You'll have to clue me in to what specifically you're referring to, I re-watched it last year but I don't want to guess at what you mean.

> DS9 is "not Roddenberry"

I agree. DS9 was, in part, created specifically to explore "not Roddenberry" directions in the ST universe.

There's a book, I can't find it at the moment, and I don't remember the title, but it's all excerpts from interviews with cast and crew. That's it. It's amazing.

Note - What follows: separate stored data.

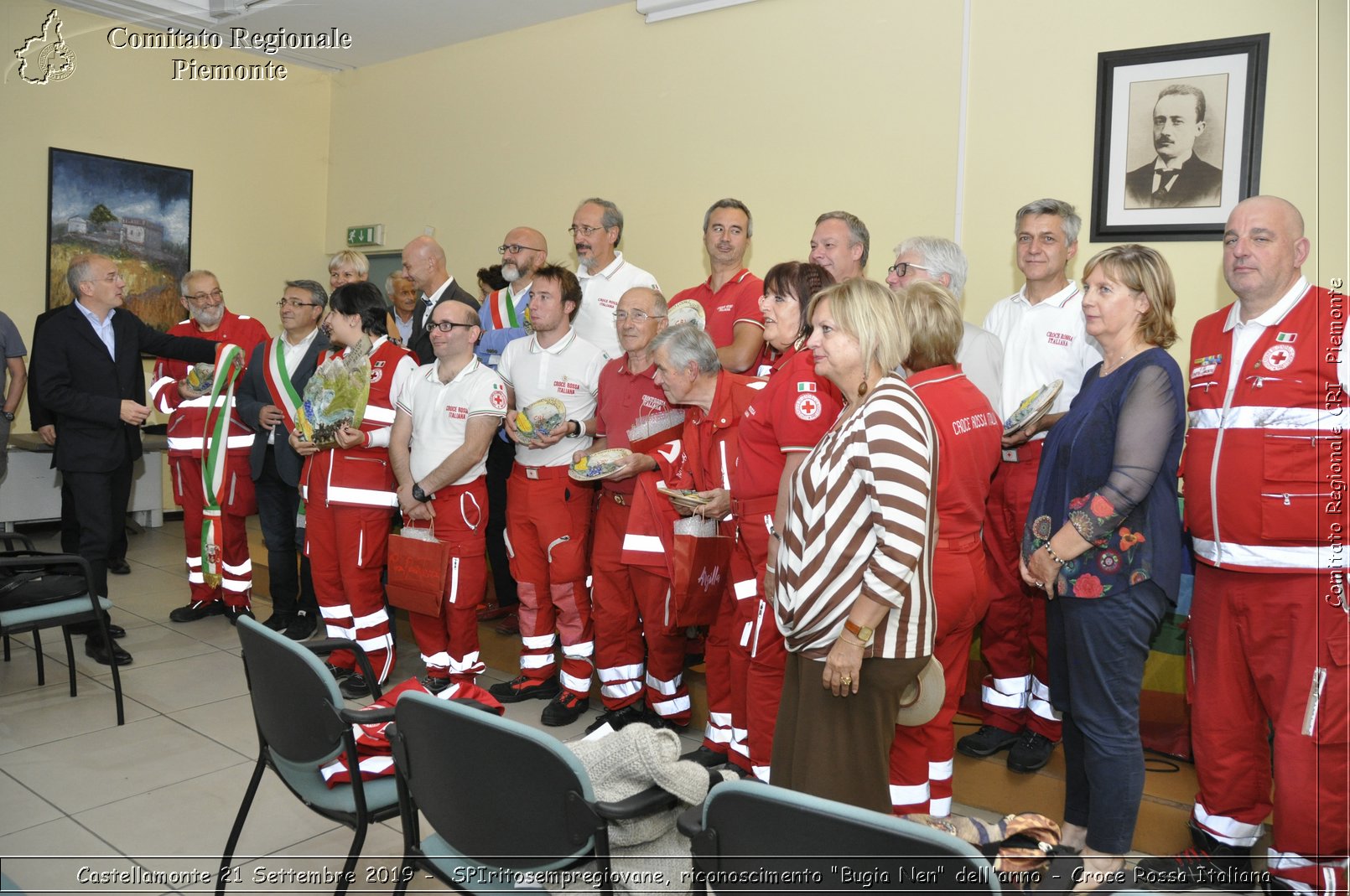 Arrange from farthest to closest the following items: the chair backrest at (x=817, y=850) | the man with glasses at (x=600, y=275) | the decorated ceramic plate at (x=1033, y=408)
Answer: the man with glasses at (x=600, y=275), the decorated ceramic plate at (x=1033, y=408), the chair backrest at (x=817, y=850)

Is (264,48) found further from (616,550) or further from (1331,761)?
(1331,761)

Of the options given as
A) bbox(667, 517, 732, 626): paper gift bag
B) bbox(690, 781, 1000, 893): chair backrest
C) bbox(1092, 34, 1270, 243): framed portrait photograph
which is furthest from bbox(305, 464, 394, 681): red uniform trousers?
bbox(1092, 34, 1270, 243): framed portrait photograph

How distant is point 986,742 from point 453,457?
8.00 feet

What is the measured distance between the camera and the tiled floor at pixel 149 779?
9.72 ft

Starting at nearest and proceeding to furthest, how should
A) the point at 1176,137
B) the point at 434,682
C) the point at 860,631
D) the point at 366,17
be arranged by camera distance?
the point at 860,631
the point at 434,682
the point at 1176,137
the point at 366,17

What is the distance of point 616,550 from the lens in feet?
13.0

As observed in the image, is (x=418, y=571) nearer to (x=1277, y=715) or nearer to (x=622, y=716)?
(x=622, y=716)

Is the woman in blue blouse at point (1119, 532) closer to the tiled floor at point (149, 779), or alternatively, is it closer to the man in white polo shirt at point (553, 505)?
the tiled floor at point (149, 779)

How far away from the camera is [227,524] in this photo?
546 cm

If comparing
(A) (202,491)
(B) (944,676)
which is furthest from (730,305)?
(A) (202,491)

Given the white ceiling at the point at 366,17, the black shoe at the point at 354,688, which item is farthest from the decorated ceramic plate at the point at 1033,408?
the white ceiling at the point at 366,17

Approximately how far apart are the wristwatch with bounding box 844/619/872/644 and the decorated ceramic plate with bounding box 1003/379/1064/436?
1281mm

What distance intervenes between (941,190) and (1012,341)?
1894 millimetres

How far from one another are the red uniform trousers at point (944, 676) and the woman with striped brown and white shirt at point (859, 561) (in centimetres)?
30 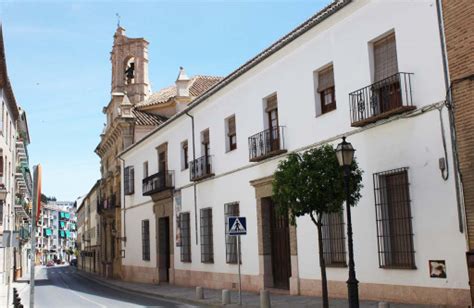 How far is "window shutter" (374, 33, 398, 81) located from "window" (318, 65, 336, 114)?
168 centimetres

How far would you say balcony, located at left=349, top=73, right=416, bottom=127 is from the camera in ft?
37.4

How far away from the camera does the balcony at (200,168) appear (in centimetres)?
2123

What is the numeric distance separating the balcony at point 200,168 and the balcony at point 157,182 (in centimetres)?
287

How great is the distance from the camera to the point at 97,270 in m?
47.2

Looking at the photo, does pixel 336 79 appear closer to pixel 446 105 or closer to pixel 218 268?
pixel 446 105

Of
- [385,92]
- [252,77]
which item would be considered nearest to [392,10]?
[385,92]

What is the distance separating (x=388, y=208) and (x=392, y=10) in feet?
13.8

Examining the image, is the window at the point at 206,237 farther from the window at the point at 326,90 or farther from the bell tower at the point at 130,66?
the bell tower at the point at 130,66

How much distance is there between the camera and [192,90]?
33.9m

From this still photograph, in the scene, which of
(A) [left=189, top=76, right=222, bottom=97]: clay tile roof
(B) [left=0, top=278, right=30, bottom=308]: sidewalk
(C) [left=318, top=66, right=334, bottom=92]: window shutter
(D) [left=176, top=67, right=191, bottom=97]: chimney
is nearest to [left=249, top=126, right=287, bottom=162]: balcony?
(C) [left=318, top=66, right=334, bottom=92]: window shutter

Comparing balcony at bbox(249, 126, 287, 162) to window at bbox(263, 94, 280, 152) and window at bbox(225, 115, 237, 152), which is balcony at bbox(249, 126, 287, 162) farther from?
window at bbox(225, 115, 237, 152)

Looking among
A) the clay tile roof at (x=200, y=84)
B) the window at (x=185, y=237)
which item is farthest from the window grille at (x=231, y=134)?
the clay tile roof at (x=200, y=84)

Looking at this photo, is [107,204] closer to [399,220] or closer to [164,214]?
[164,214]

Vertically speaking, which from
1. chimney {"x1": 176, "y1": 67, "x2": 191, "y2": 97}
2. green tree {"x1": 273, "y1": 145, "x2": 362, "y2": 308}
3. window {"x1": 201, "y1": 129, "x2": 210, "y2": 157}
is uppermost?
chimney {"x1": 176, "y1": 67, "x2": 191, "y2": 97} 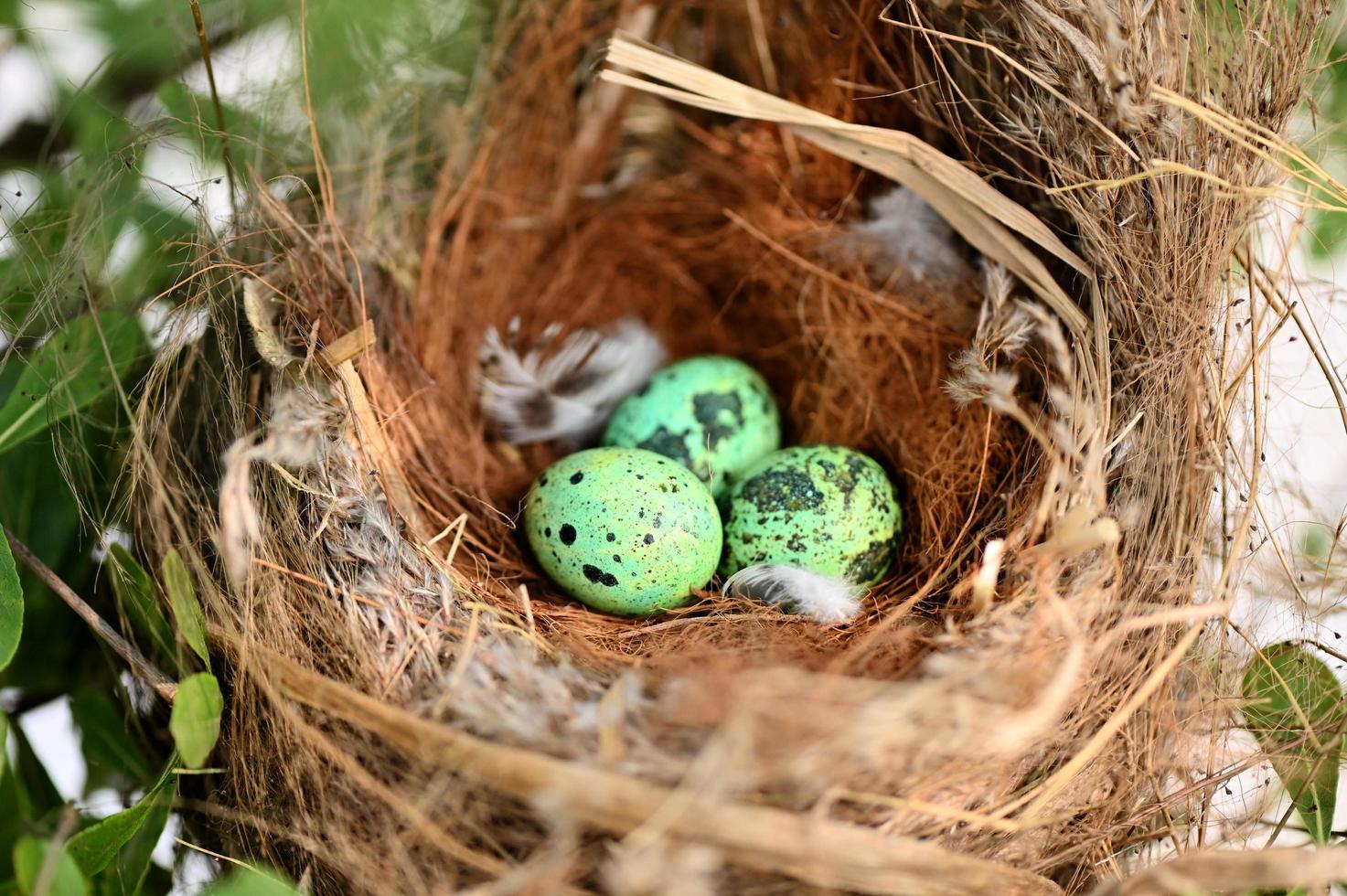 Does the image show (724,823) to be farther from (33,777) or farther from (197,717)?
(33,777)

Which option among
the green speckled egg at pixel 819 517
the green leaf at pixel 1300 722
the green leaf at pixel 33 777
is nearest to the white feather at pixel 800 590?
the green speckled egg at pixel 819 517

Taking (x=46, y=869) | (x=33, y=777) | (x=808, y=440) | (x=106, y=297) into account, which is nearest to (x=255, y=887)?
(x=46, y=869)

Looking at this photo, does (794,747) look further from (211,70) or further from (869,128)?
(211,70)

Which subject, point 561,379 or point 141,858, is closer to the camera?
point 141,858

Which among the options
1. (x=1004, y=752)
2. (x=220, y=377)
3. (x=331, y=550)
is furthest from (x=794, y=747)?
(x=220, y=377)

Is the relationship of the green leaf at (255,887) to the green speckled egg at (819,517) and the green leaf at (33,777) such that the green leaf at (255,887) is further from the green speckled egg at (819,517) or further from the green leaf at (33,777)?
the green speckled egg at (819,517)

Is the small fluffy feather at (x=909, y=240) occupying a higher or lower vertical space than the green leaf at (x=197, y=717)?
higher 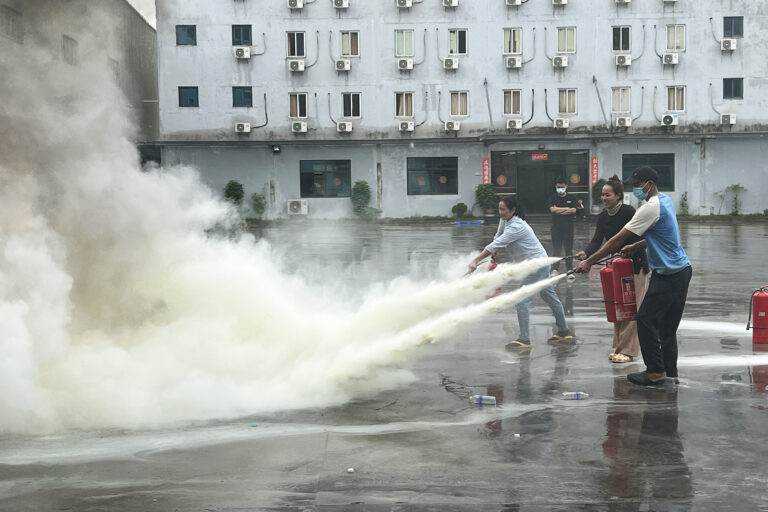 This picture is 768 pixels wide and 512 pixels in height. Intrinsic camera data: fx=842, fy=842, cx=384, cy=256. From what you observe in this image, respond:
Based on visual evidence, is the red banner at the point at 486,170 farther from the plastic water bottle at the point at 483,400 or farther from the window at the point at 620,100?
the plastic water bottle at the point at 483,400

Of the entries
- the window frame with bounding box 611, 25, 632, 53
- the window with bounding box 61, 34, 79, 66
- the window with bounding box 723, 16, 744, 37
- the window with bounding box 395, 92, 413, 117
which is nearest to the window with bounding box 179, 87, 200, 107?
the window with bounding box 395, 92, 413, 117

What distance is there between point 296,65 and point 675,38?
1812 cm

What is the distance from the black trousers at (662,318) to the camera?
7895 millimetres

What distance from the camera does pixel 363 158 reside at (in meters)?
41.3

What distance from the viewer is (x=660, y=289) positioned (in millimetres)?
7922

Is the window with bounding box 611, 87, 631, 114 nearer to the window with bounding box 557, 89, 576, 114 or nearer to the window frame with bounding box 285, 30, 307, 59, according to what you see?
the window with bounding box 557, 89, 576, 114

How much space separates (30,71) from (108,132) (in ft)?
3.00

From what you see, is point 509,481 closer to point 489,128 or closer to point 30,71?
point 30,71

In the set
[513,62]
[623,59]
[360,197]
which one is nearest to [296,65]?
[360,197]

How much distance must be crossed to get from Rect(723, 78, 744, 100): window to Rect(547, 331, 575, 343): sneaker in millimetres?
34390

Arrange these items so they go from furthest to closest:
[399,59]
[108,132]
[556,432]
Answer: [399,59]
[108,132]
[556,432]

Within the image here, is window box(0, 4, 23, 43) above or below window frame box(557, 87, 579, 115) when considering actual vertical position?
below

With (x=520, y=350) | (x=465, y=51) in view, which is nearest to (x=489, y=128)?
(x=465, y=51)

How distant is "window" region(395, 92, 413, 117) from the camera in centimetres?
4069
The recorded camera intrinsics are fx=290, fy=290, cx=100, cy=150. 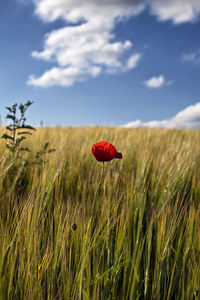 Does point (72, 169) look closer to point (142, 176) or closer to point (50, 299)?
point (142, 176)

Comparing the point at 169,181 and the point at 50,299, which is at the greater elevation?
the point at 169,181

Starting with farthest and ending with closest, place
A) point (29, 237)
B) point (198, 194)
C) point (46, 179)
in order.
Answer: point (198, 194) → point (46, 179) → point (29, 237)

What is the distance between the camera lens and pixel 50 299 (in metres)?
0.79

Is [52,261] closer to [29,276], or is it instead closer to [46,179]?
[29,276]

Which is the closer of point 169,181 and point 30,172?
point 169,181

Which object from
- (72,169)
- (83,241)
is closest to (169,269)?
(83,241)

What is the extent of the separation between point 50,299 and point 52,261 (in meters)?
0.11

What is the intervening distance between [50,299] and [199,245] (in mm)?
505

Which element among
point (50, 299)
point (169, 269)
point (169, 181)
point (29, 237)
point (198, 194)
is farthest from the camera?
point (198, 194)

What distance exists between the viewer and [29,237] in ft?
2.95

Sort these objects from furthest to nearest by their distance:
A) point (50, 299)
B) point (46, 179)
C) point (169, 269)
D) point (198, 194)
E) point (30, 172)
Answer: point (30, 172)
point (198, 194)
point (46, 179)
point (169, 269)
point (50, 299)

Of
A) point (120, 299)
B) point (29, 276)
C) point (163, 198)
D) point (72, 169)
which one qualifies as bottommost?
point (120, 299)

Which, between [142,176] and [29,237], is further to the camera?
[142,176]

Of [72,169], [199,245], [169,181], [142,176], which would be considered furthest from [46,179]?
[199,245]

Anyhow, I bring it up because, reading it, it became clear what, for me anyway, is the crucial defining aspect of ST that differentiates it from other sci-fi franchises: In ST, people in the future have gotten over their bullshit. They are emotionally mature, guided by reason and rationality and their higher values. That's the key difference (from say, Star Wars or Farscape or Firefly...) People in the future pretty much have their shit together.

Now this is something that some of the writers don't get. You find them complaining in their own words that Gene won't let them write an episode involving interpersonal drama between bridge crew. (Apparently this is really hard for some writers. No judgement intended.) It wasn't until after he died that Berman/Braga started to relax that.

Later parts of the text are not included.